## WHAT TO WORK ON
Could you repeat word for word only the lines from the one containing "2 Zimmer Wohnung" to the last line of the data below?

START DATA FOR REVIEW

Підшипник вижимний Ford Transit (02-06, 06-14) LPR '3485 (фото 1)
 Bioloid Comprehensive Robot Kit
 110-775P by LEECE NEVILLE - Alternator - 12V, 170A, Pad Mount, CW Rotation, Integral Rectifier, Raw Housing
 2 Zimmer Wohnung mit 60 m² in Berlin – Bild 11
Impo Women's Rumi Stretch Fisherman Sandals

END DATA FOR REVIEW

## ANSWER BOX
 2 Zimmer Wohnung mit 60 m² in Berlin – Bild 11
Impo Women's Rumi Stretch Fisherman Sandals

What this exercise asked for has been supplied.